Could you print all the entries below exactly as they appear, omitting the pictures?
==== Source data ====
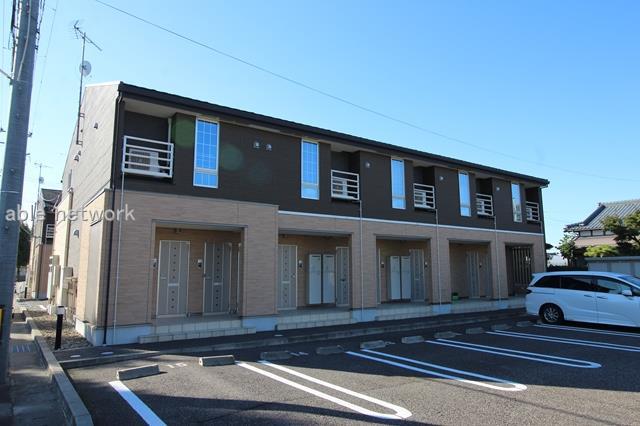 建物外観　N外観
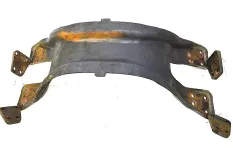 Траверса рамы DAF XF95 (01.02-12.06)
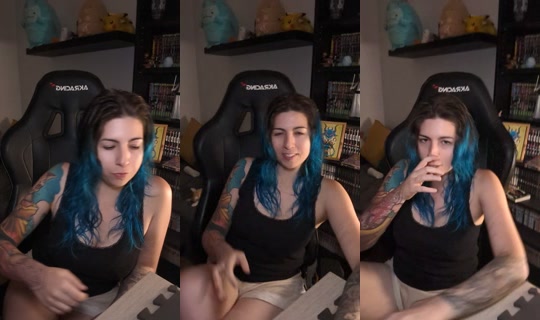 tsukisoba's Stream - Sep 18, 2026, 6:10 PM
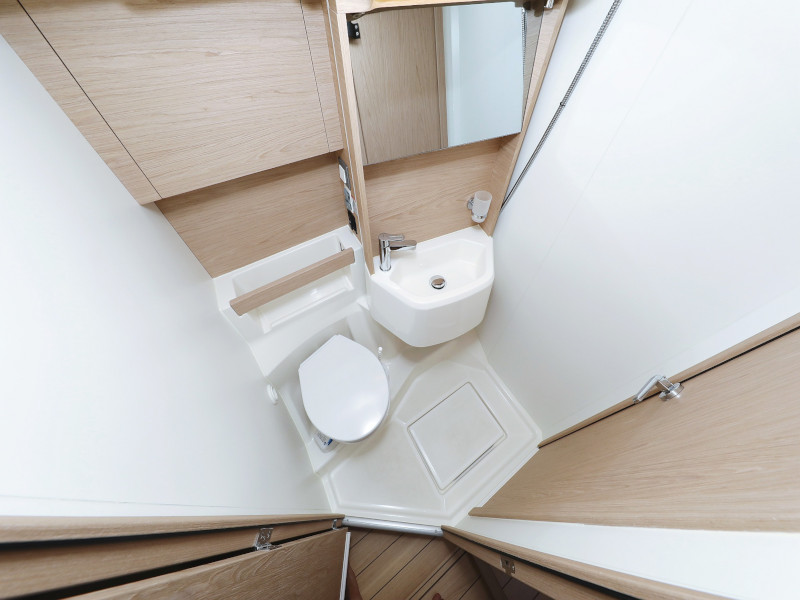 Photo #54 - Oceanis 51.1 (ZEPHYR B) in Zara - 8153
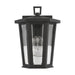 Myhouse Lighting Visual Comfort Studio - SLO1031TXB - One Light Wall Lantern - Witley - Textured Black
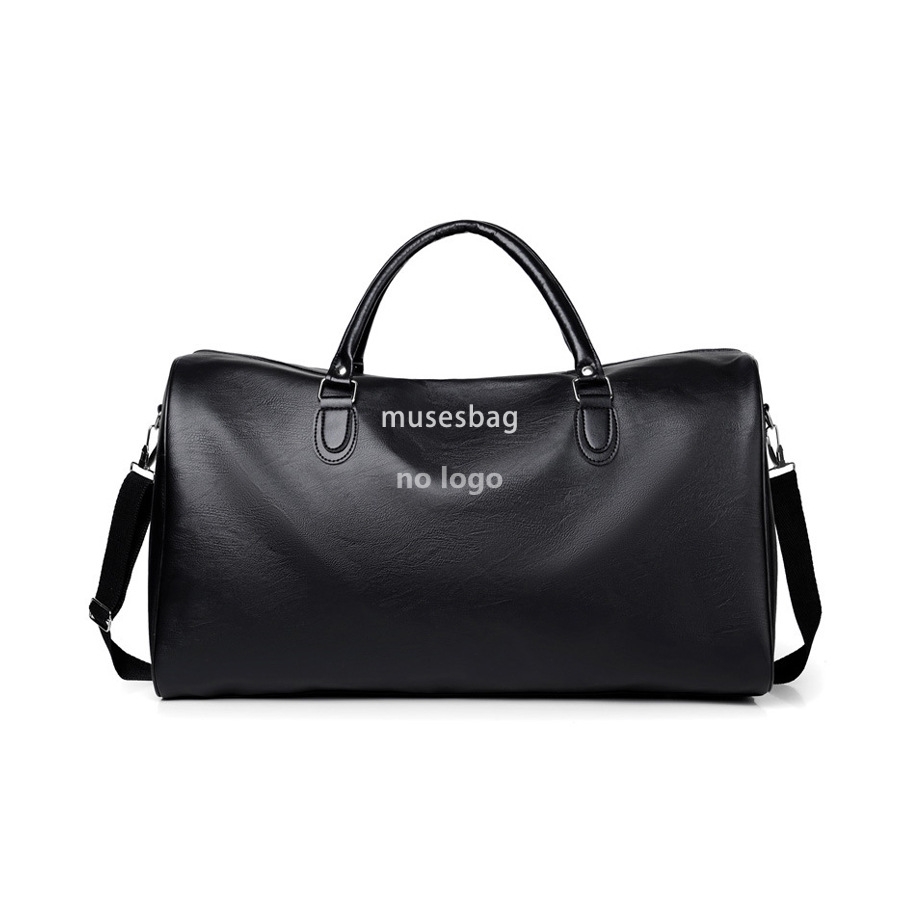 New travel bag men's single shoulder large capacity handbag Korean version of a portable travel bag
====
* Solution to the exercise:
 建物外観　N外観
 Траверса рамы DAF XF95 (01.02-12.06)
 tsukisoba's Stream - Sep 18, 2026, 6:10 PM
 Photo #54 - Oceanis 51.1 (ZEPHYR B) in Zara - 8153
 Myhouse Lighting Visual Comfort Studio - SLO1031TXB - One Light Wall Lantern - Witley - Textured Black
 New travel bag men's single shoulder large capacity handbag Korean version of a portable travel bag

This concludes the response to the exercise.